My first (and last) winter home, it was an unlikely 80º. I drove home with my windows down but music off. I didn’t want to get a noise complaint in the HOA Facebook group. Before curfew, I went careening around the traffic calming circle by myself. It just wasn’t the same.
10.
Out of necessity, I cook more than I bake now. I’m making a corn salad. It’s too hot to eat anything other than a salad, and I may be twenty, but I still don’t like most leafy greens. I’m juicing a lemon because the grocery store was out of limes. There’s something cathartic about squeezing a lemon, the sick satisfaction of feeling it give in, the hollowed out corpse of a fruit when it’s finished.
There’s satisfaction too in the way the sourness of it seeps into my skin through every tiny open cut. After we stopped knowing each other, I developed eczema on the knuckles of the third and fourth fingers of my right hand. It flares up in the summer because I’m allergic to grass and pollen and trees and all the good things that grow. The lemon juice coats every irritated bump, and it stings.
I’m allergic to everything but dust. I can’t help but feel like that says something about me.
11.
At this age, joy feels so hard to come by. I wish I could turn twenty-five already, brain magically fully developed. I’ve made so many stupid choices because I’m still searching for the joy of being seventeen.
12.
When you grow up religious, everything has a deeper meaning. Every good thing is a blessing and every bad thing is a punishment and when it isn’t always clear (and it never really is) you question everything. Like why were you there that day? Why did we meet? Were you sent to punish me? Or are you a tribulation that I’m still struggling to overcome?
Are we all just humans who are meant to hurt other humans? Were we ever meant to be forgiven? Was I ever meant to forgive?
13.
In the worst of the heat, I want to zest my skin off in spirals.
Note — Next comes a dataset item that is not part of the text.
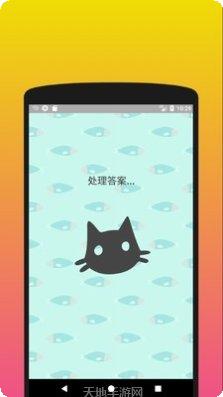 你是什么样的猫下载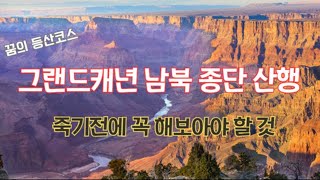 그랜드 캐년 남북종단 산행 – 림투림 등산 Rim to Rim Hike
I want to bite into myself and taste sour flesh.
14.
I’m carrying a pint of lemonade on the way to your house. It’s raining because of course it is. I’m twenty and still afraid of thunderstorms. I pass by the street corner where I had a panic attack because you held my hand. Because I’m so guilty all the time for you.
After you, in my first session with a new therapist, I say that I am angry. She says anger isn’t a real emotion. I wish I could tell her that I’m not feeling angry; I am angry. Like flood angry. Like plague angry. Like punishment angry.
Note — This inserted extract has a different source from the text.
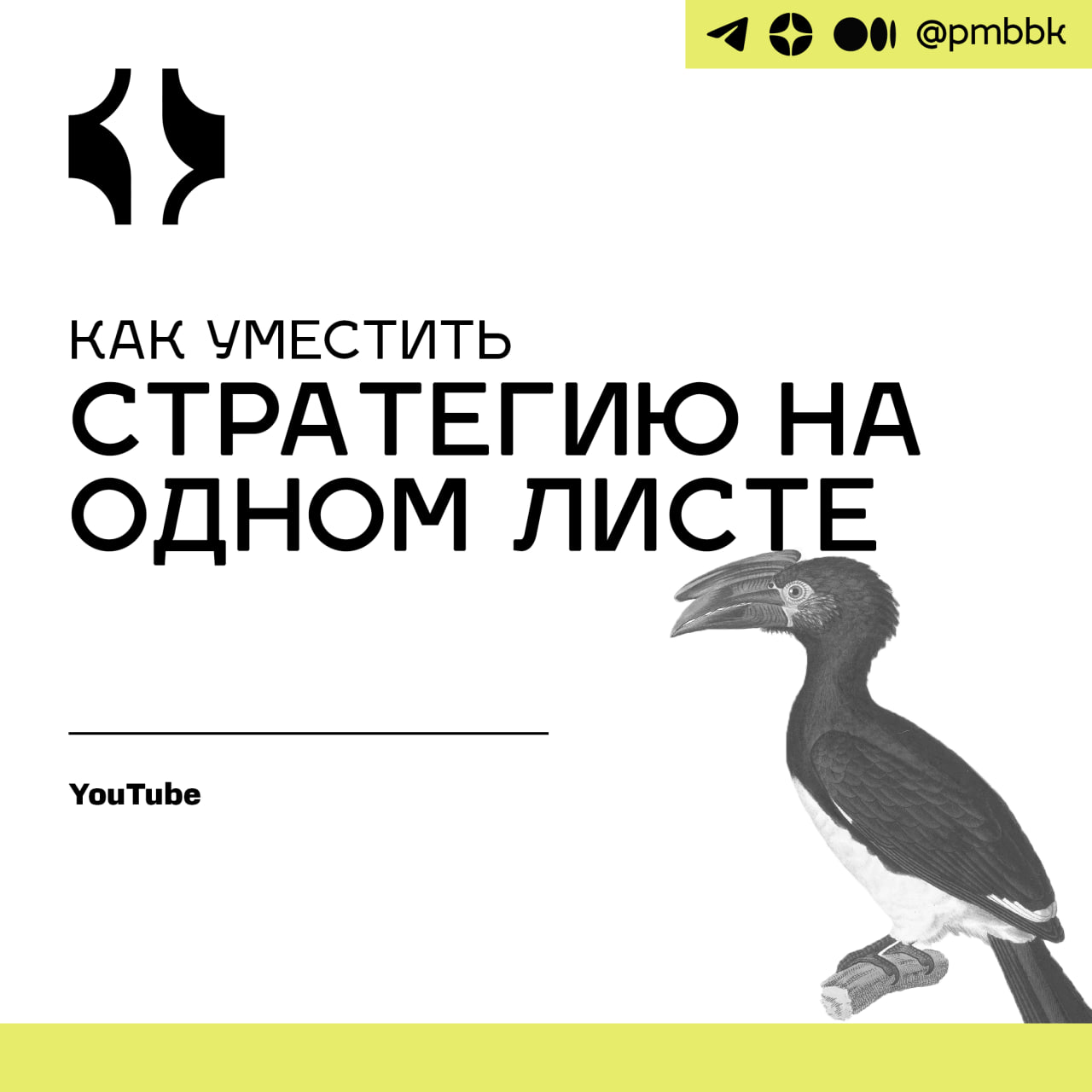 📝 Как уместить стратегию на одном листеЯсное видение, осознание своей миссии, понятные цели и выработанный план действий - это не мечта любого лидера, а просто необходимость | Сетка — социальная сеть от hh.ru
Like I could be the lemon juice that stings your cuts. Like I could be the lemon seed you choke on. Like I could be the salty lemonade you’d spit out.
15.
I used to chew on lemon rinds when I was stressed, steal scraps from my mother’s chopping board until my jaw was sore from the waxy, bitter cellulose. “Bitterness is a term people use to dismiss those of us who are angry.”2 Since the second time I got COVID, I haven’t been able to taste bitter things at all.
16.
Maybe anger is an acquired taste. It only becomes you when you reach a certain age, like when you’re too old for the suburbs and learn you’ll never go back home. Sour, too, is acquired. Like how I craved it after I got my first period in another sticky summer, years ago. Like how I crave it every time since then. These are just milestones of growing up.
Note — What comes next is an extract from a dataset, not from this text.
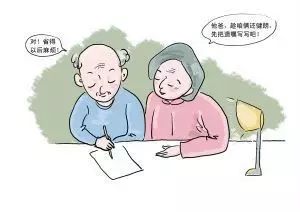 女儿怎么继承父亲的房产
It’s always the boys you date at nineteen, say women on social media. Like you’re another milestone.
17.
I think if I see one more person from my hometown getting engaged, I’ll throw my phone through my window. I’m still a child, trying to finish a pint of diet lemonade, watching teen TV shows and missing a time when I believed any kind of love was in my destiny. I feel both older and younger than I should be.
18.
The girl who choked down her glass of salty lemonade is probably in her twenties now too. She might be in grad school now. She might be lying on a beach. She might’ve gotten her heart broken, once or twice or a dozen times. Maybe she had a life-defining relationship in high school. Maybe she dated someone at nineteen, too.
I wonder if she’d still be labeled polite. I wonder if she ever learned to be honest. I wonder if she wields both like weapons or if they sit in her closet like old scarves.
It doesn’t really matter though. I just hope that the lemonade she drinks now is sweet.